Careful of those hands
Careful of those hands Nir Alon/ZUMA

Before COVID-19, when we heard the word “virus,” most of us thought about our computers. Cyber-security terminology has borrowed from the biological world because of the similar ways that viruses spread and can be combated. Both rely on hosts for transmission and can be prevented by immunity, which for a computer comes in the form of antivirus software rather than the injection of a vaccine. Perhaps the most important similarity is that computer viruses also spread surreptitiously, often causing serious damage before being detected. In other words, both are pretty scary.

Although the term computer virus was coined already in the 1980s, it was popularized the following decade by a swelling genre of cyber movies (remember Hackers?) as well as the first real-life public malware scare in 1992 when the Michelangelo virus — named after the famous painter with the same March 6 birthday — spread to some 5 million computers, mainly through floppy disks.

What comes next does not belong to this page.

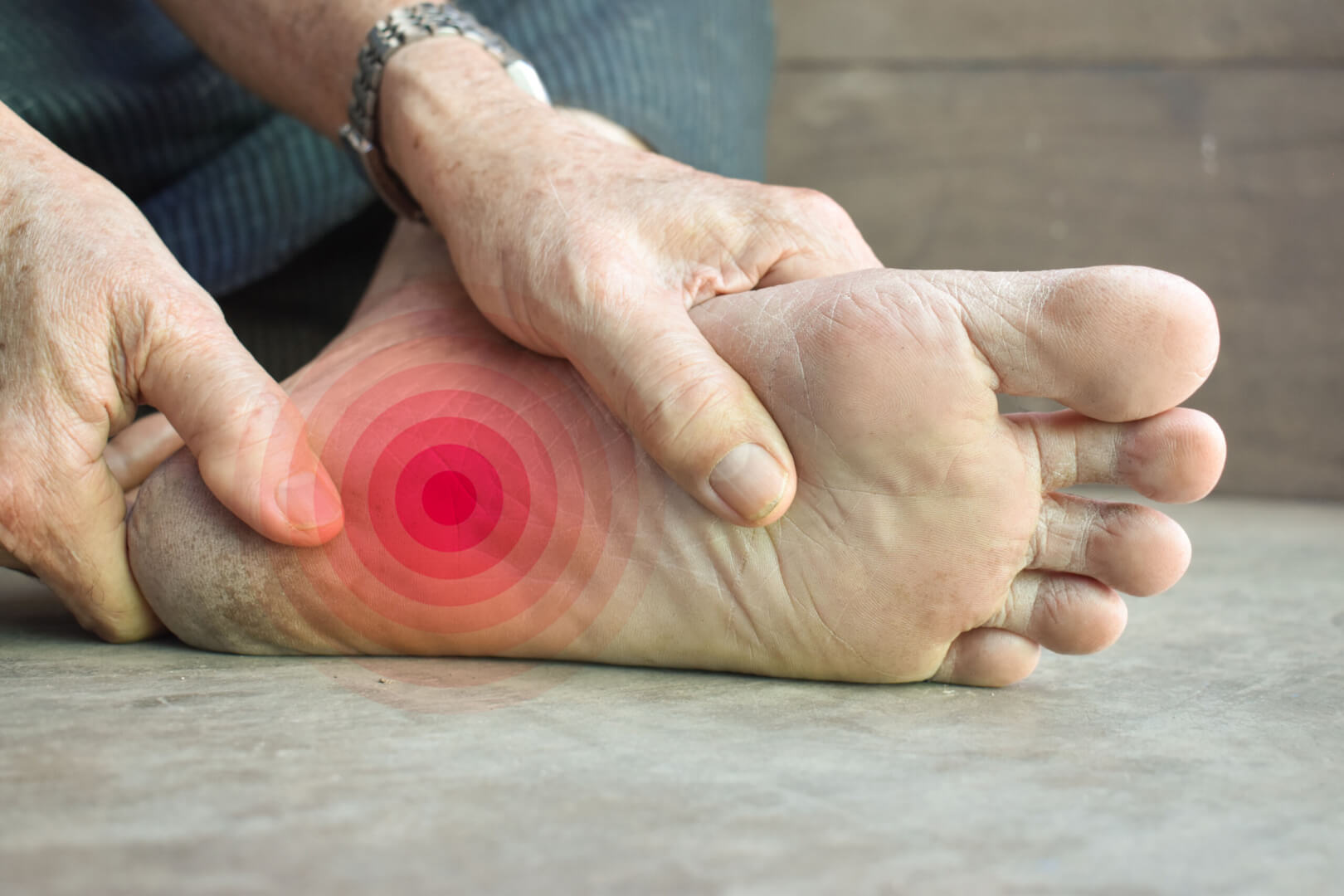 Una persona mayor se masajea el pie izquierdo al notar un hormigueo o adormecimiento por parestesia.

Of course, talking about computer viruses when a real-life pandemic is still wreaking havoc across the world may raise eyebrows. Yet, one clear side effect of the current health crisis is that more and more of our lives, particularly working lives, are moving online. The cyber-security risks, for example, in the proliferation of Zoom and other video conferences puts everything from our images to our passwords at risk of exploitation.

As our economy becomes more digitized, faceless and harder to understand, the stakes are bound to keep rising. Yet, advances in computing could help us learn lessons to fight both health and cyber threats, as pointed out in a recent article in Welcome to the Jungle about those combating viruses in our computers and our bodies: “With both disciplines plotting similar paths toward data-driven threat response, there is surely considerable benefit for both in gaining a greater understanding of each other’s strategies, successes, and challenges.”

Nobody right now expects either virtual or biological viruses to be eradicated any time soon, and we’ve learned that our fate remains largely in our own hands — which you should wash regularly, and use to change your passwords at least once a month.